Jordy Yager, The Hill, August 22, 2013
The Justice Department will file a lawsuit against Texas on Thursday, arguing that the state’s voter ID law violates the Voting Rights Act.
Attorney General Eric Holder vowed to fight state voting laws that the DOJ views as unfair or in violation of federal law, despite a recent Supreme Court decision striking down a key part of the Voting Rights Act (VRA).
“We will not allow the Supreme Court’s recent decision to be interpreted as open season for states to pursue measures that suppress voting rights,” Holder said in a statement.
Holder had promised to file the lawsuit one month after the Supreme Court decision came down in June. It will be filed against the state of Texas, the Texas secretary of State, and the director of the Texas Department of Public Safety, according to a DOJ release.

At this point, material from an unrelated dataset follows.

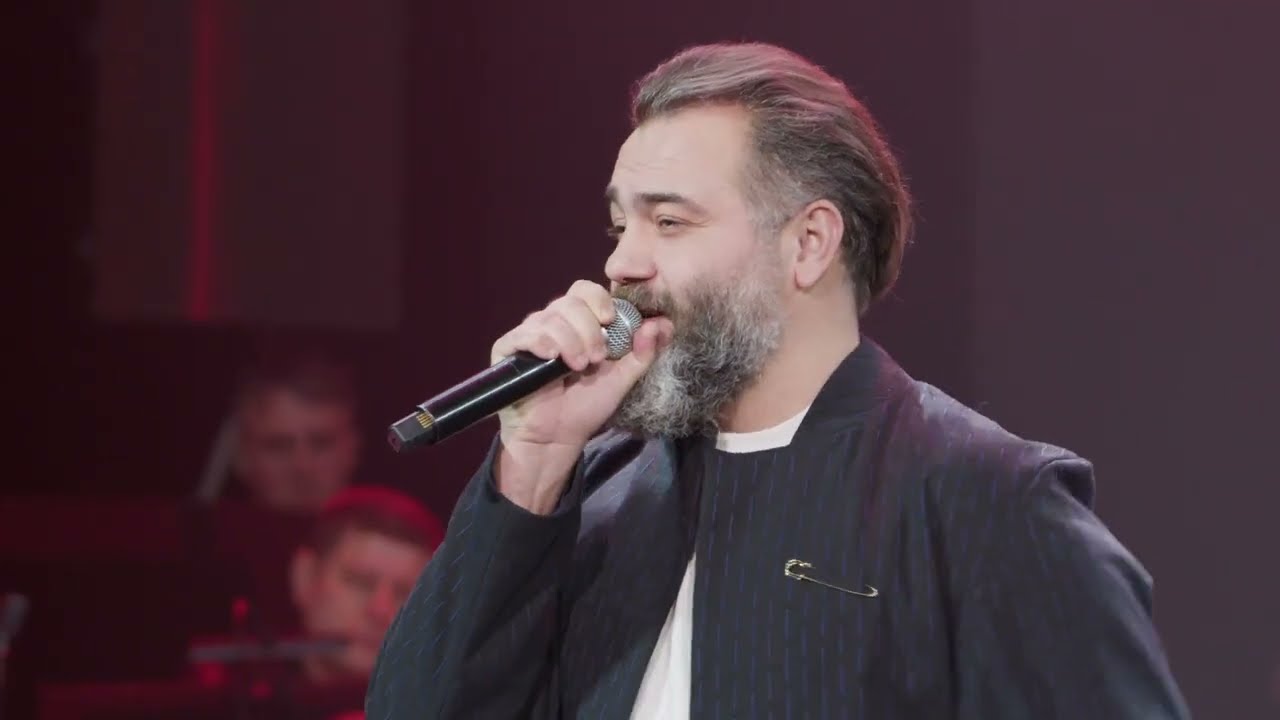 Andrei Glavan - This is a man&rsquo;s world | Sympho Love 2025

The DOJ argues that Texas’s photo ID law — SB 14 — is unconstitutional and violates Section 2 of the Voting Rights Act. The department says Texas’s voter ID law “was adopted with the purpose, and will have the result, of denying or abridging the right to vote on account of race, color, or membership in a language minority group.”
Justice also announced plans on Thursday to file a motion to intervene in the Perez v. Perry redistricting case, which will allow the government to present evidence about “the purpose and effect of the Texas redistricting plans,” according to the DOJ.
DOJ is arguing that Texas’s 2011 redistricting was done “with the purpose of denying or abridging the right to vote on account of race, color, or membership in a language minority group.”